(Caption-style text data)
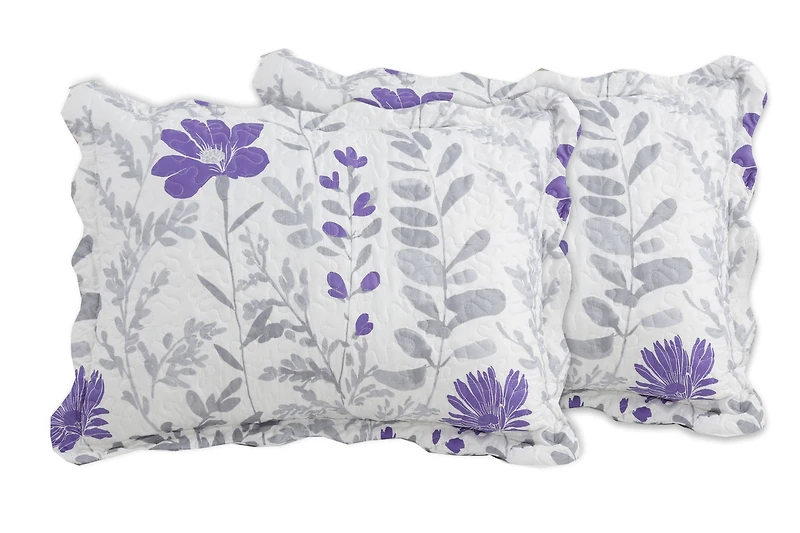 Marina Decoration Rich Printed Stitching Coverlet Bedspread Ultra Soft Summer Bedding Quilt Set with Quilted Sham, Modern Purple Floral Pattern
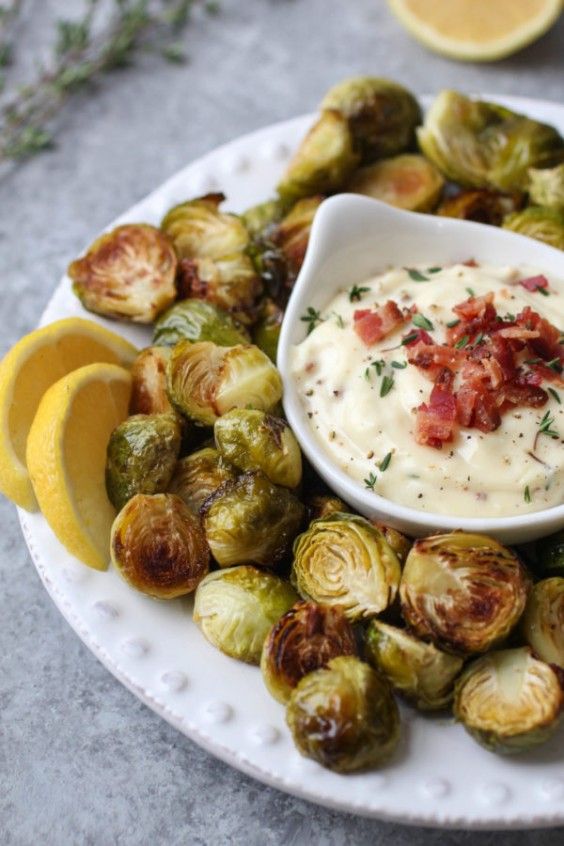1. Roasted Brussels Sprouts With Garlic Bacon Aioli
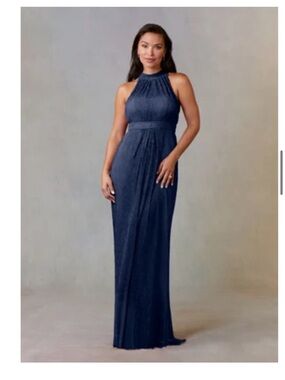 Azazie Sleeveless Evening Gown Navy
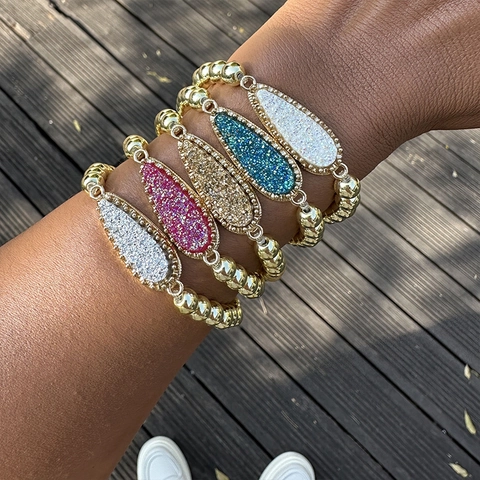 Boho Gold Plattiert Kupfer Rundperlen Elastisches Armband Für Damen Druzy Wassertropfen Anhänger Modeschmuck Geschenk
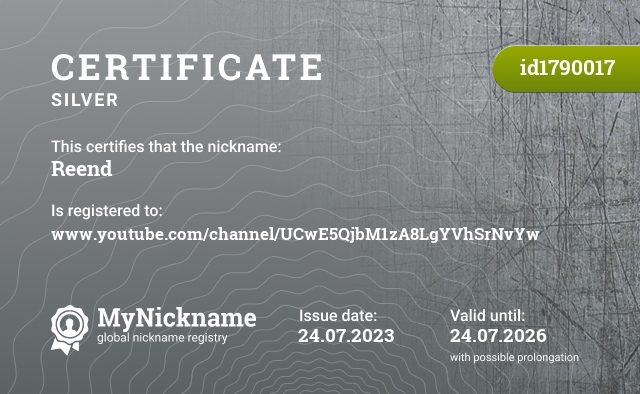 Certificate for nickname Reend, registered to: www.youtube.com/channel/UCwE5QjbM1zA8LgYVhSrNvYw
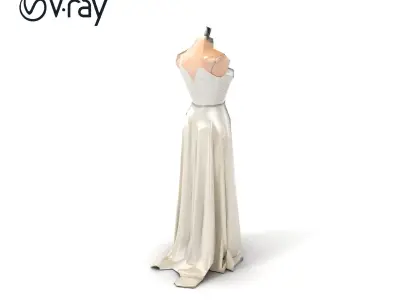 Elegant Evening Dress Mannequin Ivory Chiffon model pack Low-poly 3D model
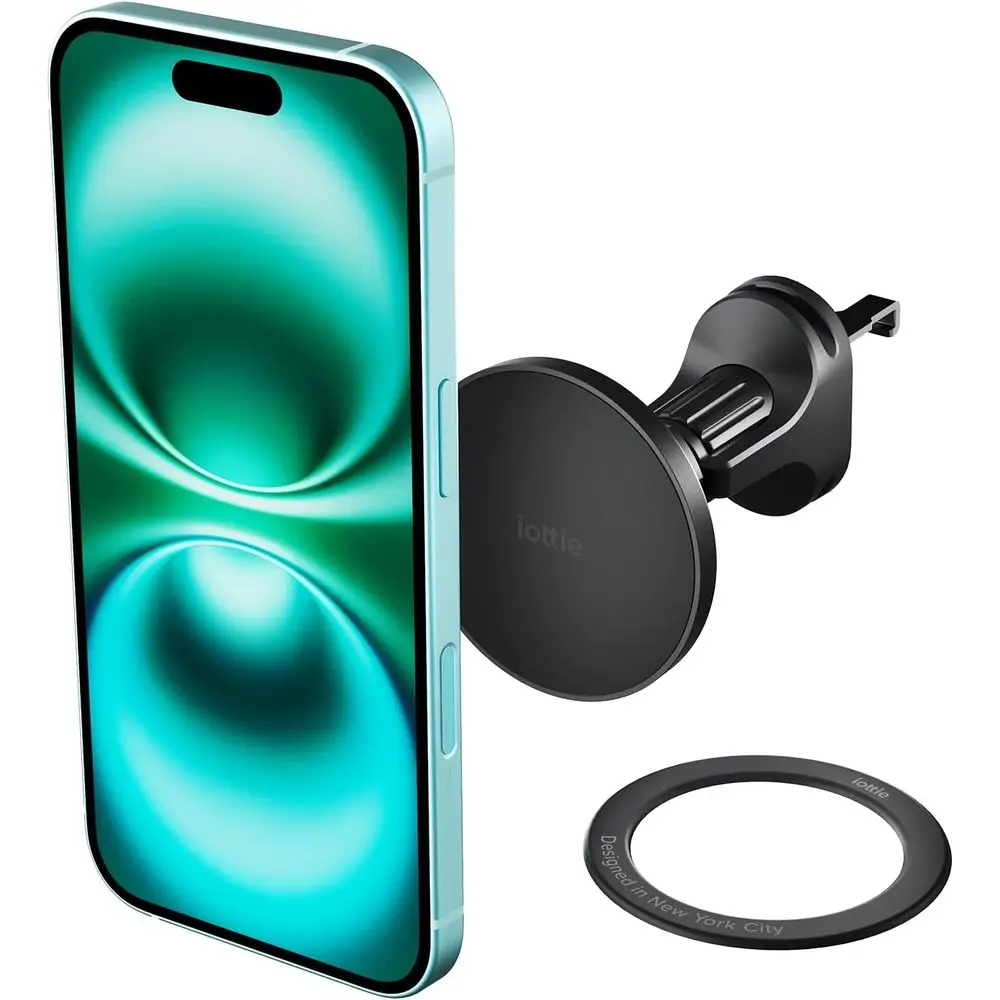 

Magnetic Air Vent Phone Holder with Ring Adapter for Qi-Enabled Smartphones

_Work required_.
Give back exactly the lines running from the one that contains "1. Roasted Brussels" to the end of the records, including both of those lines and excluding every picture.

_Task output_.
1. Roasted Brussels Sprouts With Garlic Bacon Aioli
 Azazie Sleeveless Evening Gown Navy
 Boho Gold Plattiert Kupfer Rundperlen Elastisches Armband Für Damen Druzy Wassertropfen Anhänger Modeschmuck Geschenk
 Certificate for nickname Reend, registered to: www.youtube.com/channel/UCwE5QjbM1zA8LgYVhSrNvYw
 Elegant Evening Dress Mannequin Ivory Chiffon model pack Low-poly 3D model

Magnetic Air Vent Phone Holder with Ring Adapter for Qi-Enabled Smartphones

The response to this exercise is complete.